**Items listed in a dataset:**

=== Section Start ===

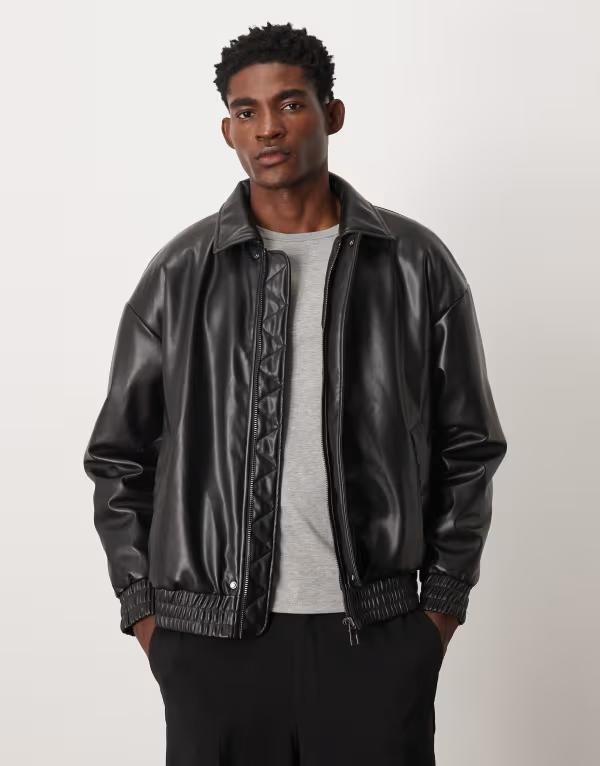 オンリーアンドサンズ メンズ アウター コート レザー フェイクレザー ジャケット ONLY SONS oversized faux leather padded bomber jacket Black ブラック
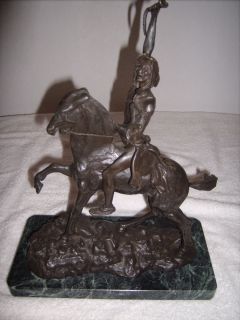 Frederic Remington Scalp Bronze Statue Signed Tiffany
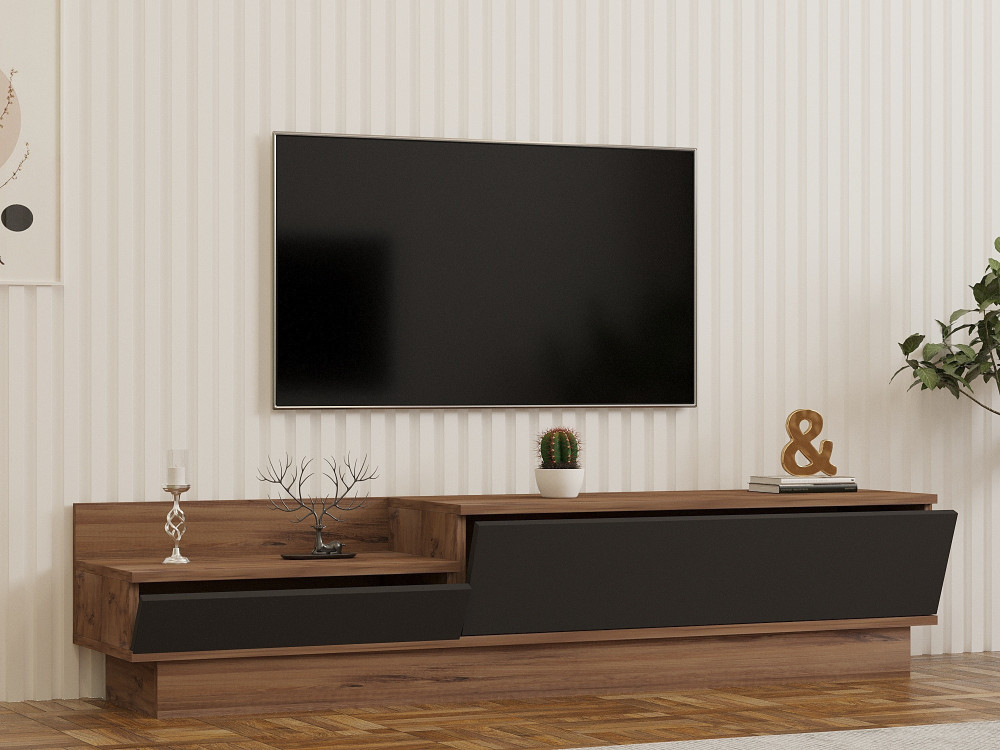 Meuble TV en bois "Asir" - 160 x 35 x 35 cm - Marron
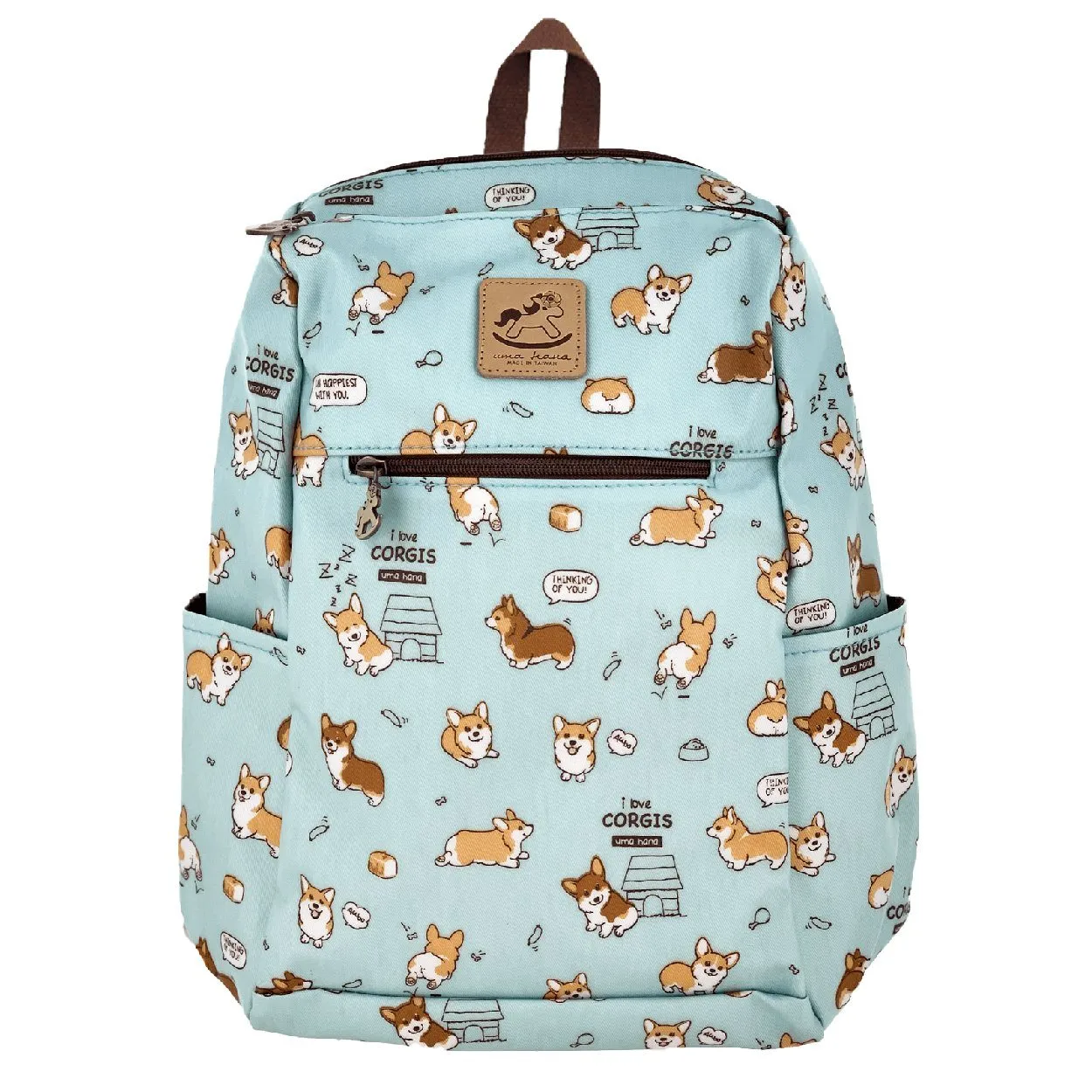 Teal Corgi Puppy Zipper Backpack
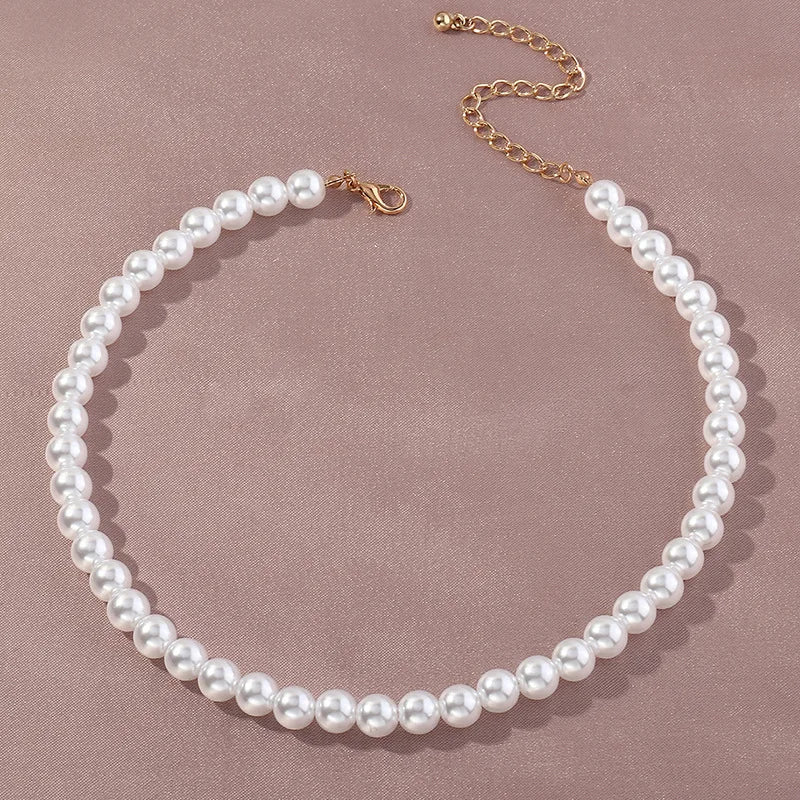 Mercori women´s classic pearl choker necklace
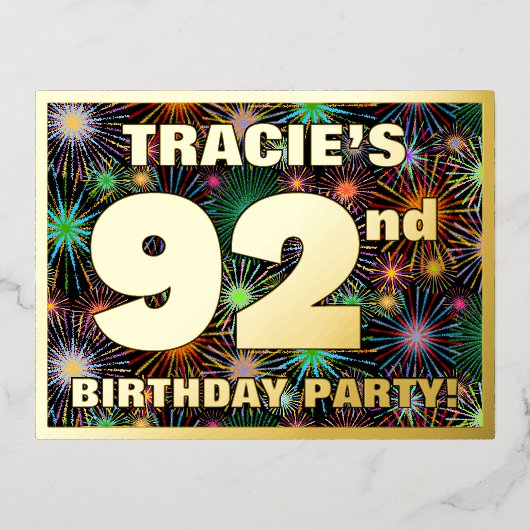 92e verjaardag: Vette, kleurrijke Fireworks-look Folie Uitnodiging Briefkaart (Voorkant)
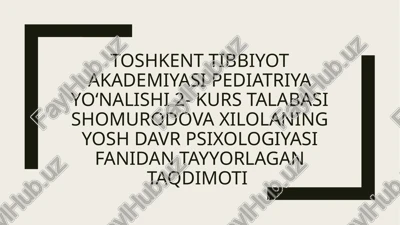 infantilizm va uning oqibatlari — PPTX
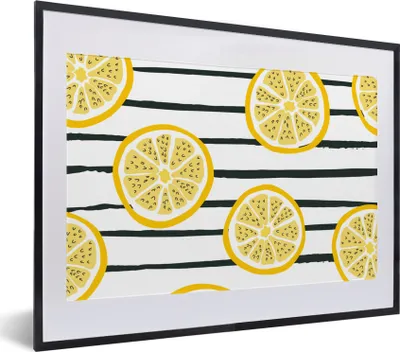 Produktbild von MuchoWow® Gerahmtes Poster Sommer - Zitrone - Streifen 40x30 cm - Poster mit Schwarzem Bilderrahmen Wandposter Rahmen Foto Bilder - Bilderrahmen - Poster im Rahmen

=== Section End ===

**Work order:**
Exact duplicates of all the entries are required, and no image may appear in them.

**Reply to the task:**
 オンリーアンドサンズ メンズ アウター コート レザー フェイクレザー ジャケット ONLY SONS oversized faux leather padded bomber jacket Black ブラック
 Frederic Remington Scalp Bronze Statue Signed Tiffany
 Meuble TV en bois "Asir" - 160 x 35 x 35 cm - Marron
 Teal Corgi Puppy Zipper Backpack
 Mercori women´s classic pearl choker necklace
 92e verjaardag: Vette, kleurrijke Fireworks-look Folie Uitnodiging Briefkaart (Voorkant)
 infantilizm va uning oqibatlari — PPTX
 Produktbild von MuchoWow® Gerahmtes Poster Sommer - Zitrone - Streifen 40x30 cm - Poster mit Schwarzem Bilderrahmen Wandposter Rahmen Foto Bilder - Bilderrahmen - Poster im Rahmen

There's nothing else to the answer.